There is a total 5,800m3 capacity for holding bentonite and water in the slurry plant with on average, another 1,000m3 in the TBM and in the excavation chamber of the 158.4m2 tunnel face. It is the largest system in the world in that it handles an average flow of 2,800m3/h. The system established by MS for the airport railway tunnel project in Sydney, Australia had a flow handling capacity of 2,000m3/h and the system set up also by MS for the current 14.8m diameter Groene Hart high speed railway tunnel operation in The Netherlands has a flow handling capacity of 2,500m3/h. The separation plant used with the 14.20m diameter Herrenknecht TBM on the 4th Elbe tunnel was designed by Schauenburg of Germany and had a maximum flow handling capacity of 2,400m3/h but it was different in design in that it had banks of centrifuges for treating the spent bentonite ready for disposal rather than filter presses.
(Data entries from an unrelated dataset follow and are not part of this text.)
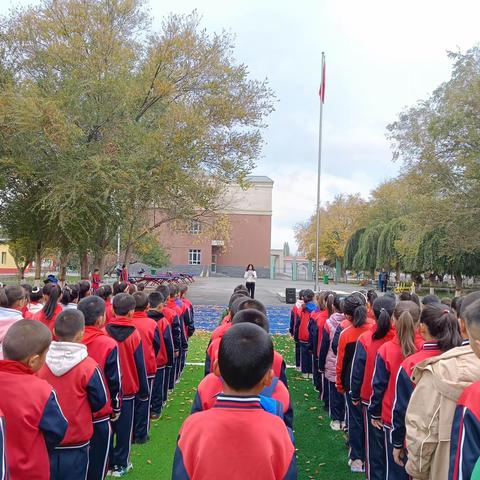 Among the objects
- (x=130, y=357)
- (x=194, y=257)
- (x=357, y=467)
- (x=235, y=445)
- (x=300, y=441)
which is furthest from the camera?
(x=194, y=257)

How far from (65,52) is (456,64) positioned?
20.1 meters

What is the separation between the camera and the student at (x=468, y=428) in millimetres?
2271

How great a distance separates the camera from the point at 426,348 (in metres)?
3.44

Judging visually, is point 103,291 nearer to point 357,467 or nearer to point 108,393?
point 108,393

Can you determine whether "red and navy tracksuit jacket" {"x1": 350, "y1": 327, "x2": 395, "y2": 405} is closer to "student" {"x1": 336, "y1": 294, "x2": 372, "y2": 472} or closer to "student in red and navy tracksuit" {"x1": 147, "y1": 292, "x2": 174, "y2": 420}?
"student" {"x1": 336, "y1": 294, "x2": 372, "y2": 472}

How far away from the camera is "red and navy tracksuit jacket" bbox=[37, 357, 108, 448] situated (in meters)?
3.65

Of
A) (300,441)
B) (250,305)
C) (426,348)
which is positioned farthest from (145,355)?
(426,348)

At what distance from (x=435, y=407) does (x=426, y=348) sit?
0.59m

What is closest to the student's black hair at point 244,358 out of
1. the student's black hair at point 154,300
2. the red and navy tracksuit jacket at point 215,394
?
the red and navy tracksuit jacket at point 215,394

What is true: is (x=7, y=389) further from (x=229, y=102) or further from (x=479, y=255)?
(x=479, y=255)

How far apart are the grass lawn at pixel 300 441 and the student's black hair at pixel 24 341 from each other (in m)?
2.66

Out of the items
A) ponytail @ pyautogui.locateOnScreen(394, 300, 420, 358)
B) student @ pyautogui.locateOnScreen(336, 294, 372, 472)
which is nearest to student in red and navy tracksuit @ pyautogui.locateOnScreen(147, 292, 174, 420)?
student @ pyautogui.locateOnScreen(336, 294, 372, 472)

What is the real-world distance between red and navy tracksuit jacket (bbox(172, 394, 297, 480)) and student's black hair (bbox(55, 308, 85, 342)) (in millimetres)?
1987

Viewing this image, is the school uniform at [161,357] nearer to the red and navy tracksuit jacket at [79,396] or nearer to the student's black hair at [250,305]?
the student's black hair at [250,305] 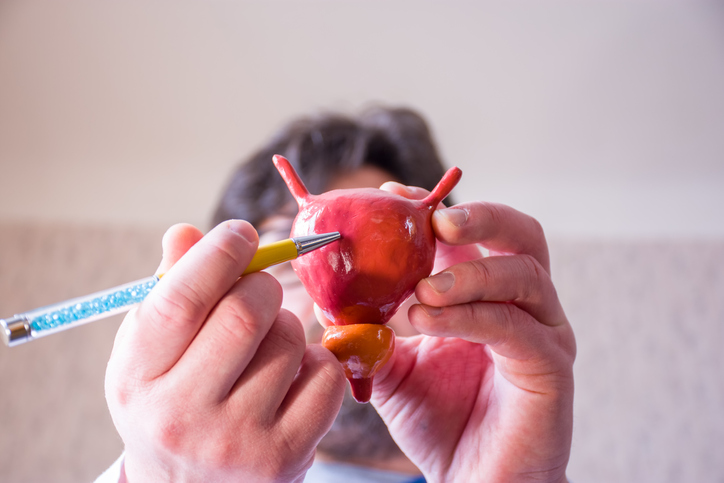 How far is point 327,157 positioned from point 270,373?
3.46 feet

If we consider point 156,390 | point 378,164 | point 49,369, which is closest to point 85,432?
point 49,369

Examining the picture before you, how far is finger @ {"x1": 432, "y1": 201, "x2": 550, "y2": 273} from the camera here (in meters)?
0.55

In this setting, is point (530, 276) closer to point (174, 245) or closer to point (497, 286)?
point (497, 286)

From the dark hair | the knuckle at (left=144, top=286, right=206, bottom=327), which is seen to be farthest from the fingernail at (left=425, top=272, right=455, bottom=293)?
the dark hair

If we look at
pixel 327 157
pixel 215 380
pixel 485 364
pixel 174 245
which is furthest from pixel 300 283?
pixel 215 380

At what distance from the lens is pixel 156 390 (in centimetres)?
46

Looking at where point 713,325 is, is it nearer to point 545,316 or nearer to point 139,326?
point 545,316

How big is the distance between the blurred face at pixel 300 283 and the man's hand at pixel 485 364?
47cm

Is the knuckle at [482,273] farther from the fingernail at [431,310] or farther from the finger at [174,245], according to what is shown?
the finger at [174,245]

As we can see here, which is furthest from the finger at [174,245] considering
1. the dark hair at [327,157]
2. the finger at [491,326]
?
the dark hair at [327,157]

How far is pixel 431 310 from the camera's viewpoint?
53cm

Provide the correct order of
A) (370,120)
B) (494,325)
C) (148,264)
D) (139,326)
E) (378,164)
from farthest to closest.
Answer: (148,264) → (370,120) → (378,164) → (494,325) → (139,326)

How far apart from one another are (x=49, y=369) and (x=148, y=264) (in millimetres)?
687

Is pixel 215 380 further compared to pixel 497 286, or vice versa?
pixel 497 286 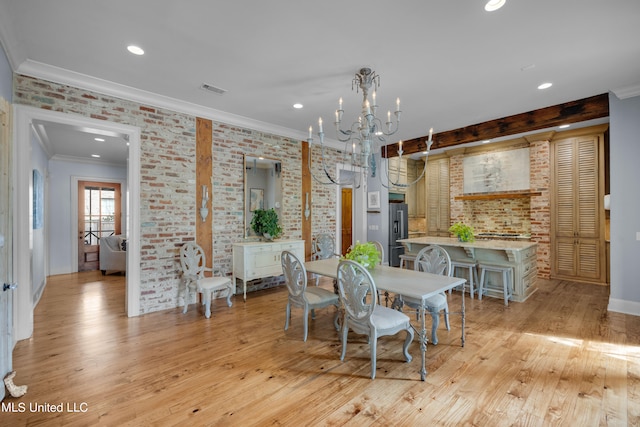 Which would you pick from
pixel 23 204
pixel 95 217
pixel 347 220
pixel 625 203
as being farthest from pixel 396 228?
pixel 95 217

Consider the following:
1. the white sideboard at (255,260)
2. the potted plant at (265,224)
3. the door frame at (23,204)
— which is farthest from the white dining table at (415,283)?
the door frame at (23,204)

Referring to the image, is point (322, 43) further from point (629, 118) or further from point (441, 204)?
point (441, 204)

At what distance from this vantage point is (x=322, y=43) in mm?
2607

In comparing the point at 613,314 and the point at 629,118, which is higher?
the point at 629,118

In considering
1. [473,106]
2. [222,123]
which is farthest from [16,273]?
[473,106]

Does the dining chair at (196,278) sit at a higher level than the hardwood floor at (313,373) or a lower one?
higher

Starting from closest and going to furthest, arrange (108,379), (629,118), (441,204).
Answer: (108,379), (629,118), (441,204)

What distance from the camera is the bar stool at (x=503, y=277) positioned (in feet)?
13.5

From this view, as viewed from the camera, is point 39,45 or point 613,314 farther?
point 613,314

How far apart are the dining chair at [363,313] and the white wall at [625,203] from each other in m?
3.23

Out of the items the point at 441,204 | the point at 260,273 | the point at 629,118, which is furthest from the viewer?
the point at 441,204

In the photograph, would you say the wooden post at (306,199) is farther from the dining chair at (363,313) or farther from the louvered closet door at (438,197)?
the louvered closet door at (438,197)

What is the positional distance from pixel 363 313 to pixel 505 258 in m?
3.11

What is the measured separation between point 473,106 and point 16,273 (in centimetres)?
576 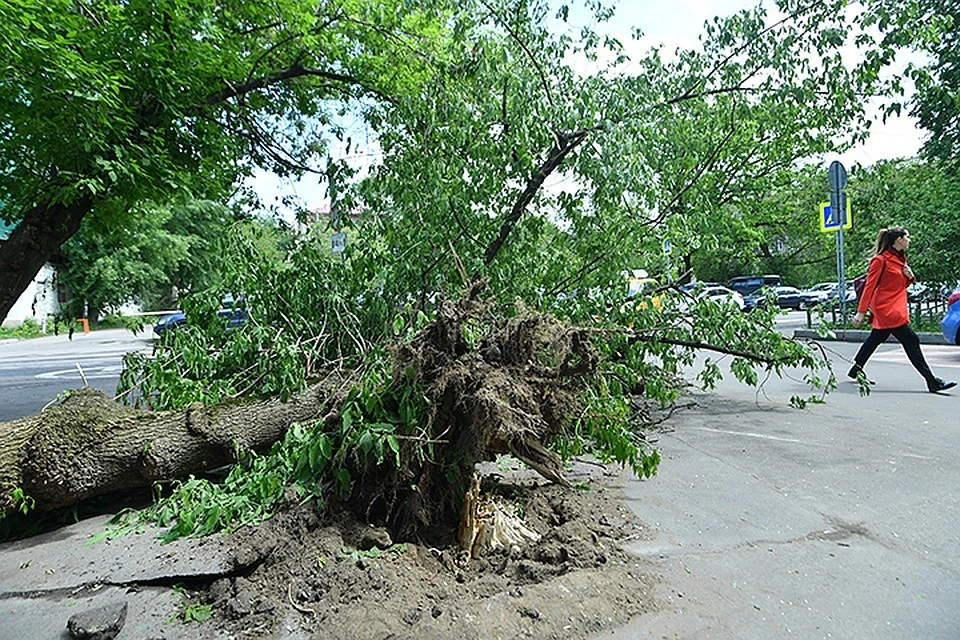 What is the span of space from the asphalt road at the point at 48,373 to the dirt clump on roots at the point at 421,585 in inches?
101

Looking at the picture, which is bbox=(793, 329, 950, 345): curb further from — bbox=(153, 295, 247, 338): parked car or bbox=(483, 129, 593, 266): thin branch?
bbox=(153, 295, 247, 338): parked car

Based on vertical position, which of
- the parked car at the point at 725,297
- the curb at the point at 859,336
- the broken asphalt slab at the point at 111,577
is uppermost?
the parked car at the point at 725,297

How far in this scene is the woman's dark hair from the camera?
7.38m

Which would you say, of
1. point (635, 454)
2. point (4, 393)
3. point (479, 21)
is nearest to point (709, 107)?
point (479, 21)

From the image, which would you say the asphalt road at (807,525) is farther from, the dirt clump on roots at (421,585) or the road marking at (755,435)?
the dirt clump on roots at (421,585)

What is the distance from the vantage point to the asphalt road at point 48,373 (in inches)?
387

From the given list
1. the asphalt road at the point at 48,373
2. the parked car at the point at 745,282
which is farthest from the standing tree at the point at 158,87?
the parked car at the point at 745,282

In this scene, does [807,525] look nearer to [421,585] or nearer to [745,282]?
[421,585]

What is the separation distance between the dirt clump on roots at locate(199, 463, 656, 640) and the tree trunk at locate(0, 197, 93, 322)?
13.4ft

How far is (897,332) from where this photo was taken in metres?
7.41

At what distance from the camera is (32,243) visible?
5949 millimetres

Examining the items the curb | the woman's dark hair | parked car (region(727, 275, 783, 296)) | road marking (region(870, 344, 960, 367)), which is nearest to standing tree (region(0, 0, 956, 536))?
the woman's dark hair

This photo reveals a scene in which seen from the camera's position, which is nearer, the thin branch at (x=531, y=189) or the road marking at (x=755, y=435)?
the road marking at (x=755, y=435)

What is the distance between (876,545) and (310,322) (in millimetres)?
Result: 4244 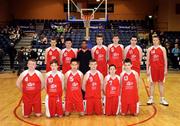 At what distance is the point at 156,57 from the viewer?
9.12m

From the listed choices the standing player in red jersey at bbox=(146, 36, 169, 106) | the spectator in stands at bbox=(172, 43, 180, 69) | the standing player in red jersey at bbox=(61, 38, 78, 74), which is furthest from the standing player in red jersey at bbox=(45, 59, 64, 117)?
the spectator in stands at bbox=(172, 43, 180, 69)

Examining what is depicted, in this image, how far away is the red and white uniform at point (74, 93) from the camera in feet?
26.6

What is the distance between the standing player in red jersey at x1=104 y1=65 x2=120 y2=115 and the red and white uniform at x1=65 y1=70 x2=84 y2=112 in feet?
1.94

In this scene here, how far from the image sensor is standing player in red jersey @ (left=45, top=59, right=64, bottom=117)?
801cm

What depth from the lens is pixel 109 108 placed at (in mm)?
8188

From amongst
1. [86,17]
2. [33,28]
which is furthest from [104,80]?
[33,28]

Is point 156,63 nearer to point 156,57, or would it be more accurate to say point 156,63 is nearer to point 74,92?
point 156,57

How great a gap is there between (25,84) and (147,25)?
770 inches

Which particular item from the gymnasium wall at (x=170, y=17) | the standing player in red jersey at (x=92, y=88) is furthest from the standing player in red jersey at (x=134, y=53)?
the gymnasium wall at (x=170, y=17)

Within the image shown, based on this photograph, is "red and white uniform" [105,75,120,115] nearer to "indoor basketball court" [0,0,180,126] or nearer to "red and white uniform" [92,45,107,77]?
"indoor basketball court" [0,0,180,126]

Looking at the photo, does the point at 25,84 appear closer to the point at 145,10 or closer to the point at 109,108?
the point at 109,108

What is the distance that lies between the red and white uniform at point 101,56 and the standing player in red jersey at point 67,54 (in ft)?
1.62

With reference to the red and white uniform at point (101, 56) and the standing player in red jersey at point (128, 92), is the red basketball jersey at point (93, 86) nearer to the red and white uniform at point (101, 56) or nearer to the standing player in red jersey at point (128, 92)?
the standing player in red jersey at point (128, 92)

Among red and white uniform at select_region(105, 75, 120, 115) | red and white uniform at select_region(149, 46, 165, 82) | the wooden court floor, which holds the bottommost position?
the wooden court floor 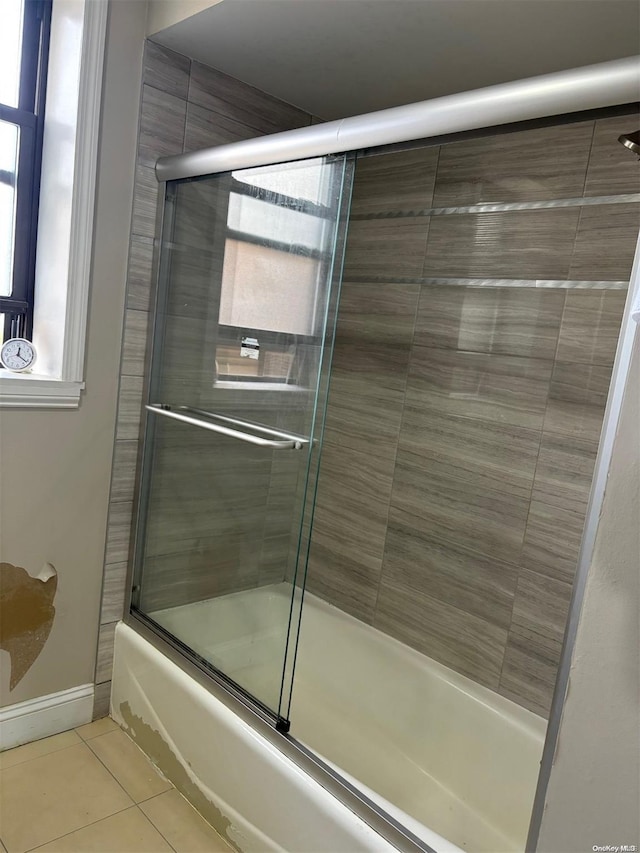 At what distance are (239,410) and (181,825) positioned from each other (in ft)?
3.66

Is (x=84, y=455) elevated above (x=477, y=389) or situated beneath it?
situated beneath

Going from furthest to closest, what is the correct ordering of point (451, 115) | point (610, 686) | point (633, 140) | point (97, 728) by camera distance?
point (97, 728)
point (451, 115)
point (633, 140)
point (610, 686)

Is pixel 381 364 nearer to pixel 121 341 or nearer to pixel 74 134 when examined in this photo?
pixel 121 341

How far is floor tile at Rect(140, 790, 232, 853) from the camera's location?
1.60 meters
The filter presses at Lefortovo have been working more frequently than anticipated. “The action of the TBM, the character of the excavated material, and the passage of the loaded slurry through the pumps and pipes of the network, has resulted in a high quantity of less than 40 microns fines that are not removed in the separation system,” explained Claus Noppenberger of Herrenknecht. “As these diluted fines increase the density of the bentonite, its muck carrying capacity reduces. As density increases bentonite is diverted to the filter presses for disposal and the recycling system is recharged and diluted with fresh bentonite.”
It takes about 40 min to complete a pressing cycle and at an operating pressure of about 8 bar, each press produces about 8 tonne of bentonite/lime/mud cake with a water content of about 25%. With six filter presses in the set and about 20 presses/day, the total output of filter presses is 960-1,000 tonne of mud cake/24h day.
“The separation plant here at Lefortovo was design for a TBM progress rate of up to five rings or 10m/day,” said Noppenberger. “The increased rate of up to 6 rings or 12m/day, plus the breaking down of the excavated material into a higher content of diluted fines, has resulted in the filter presses working full time and the consumption of imported bentonite being a higher than expected. For the next project, where geological conditions are expected to be similar, comprising sand, limestone layers and clay under a high water table, the intention is to add another four filter presses.”
On the question of using either filter presses or centrifuges for final spent bentonite treatment and disposal, Noppenberger said that he personally preferred filter presses. “Centrifuges are costly to run, are difficult and rather complicated to adjust to suit changing ground conditions, and the final muck is wetter. The filter presses are simpler technology, cost less energy to operate, and produce drier muck for disposal.”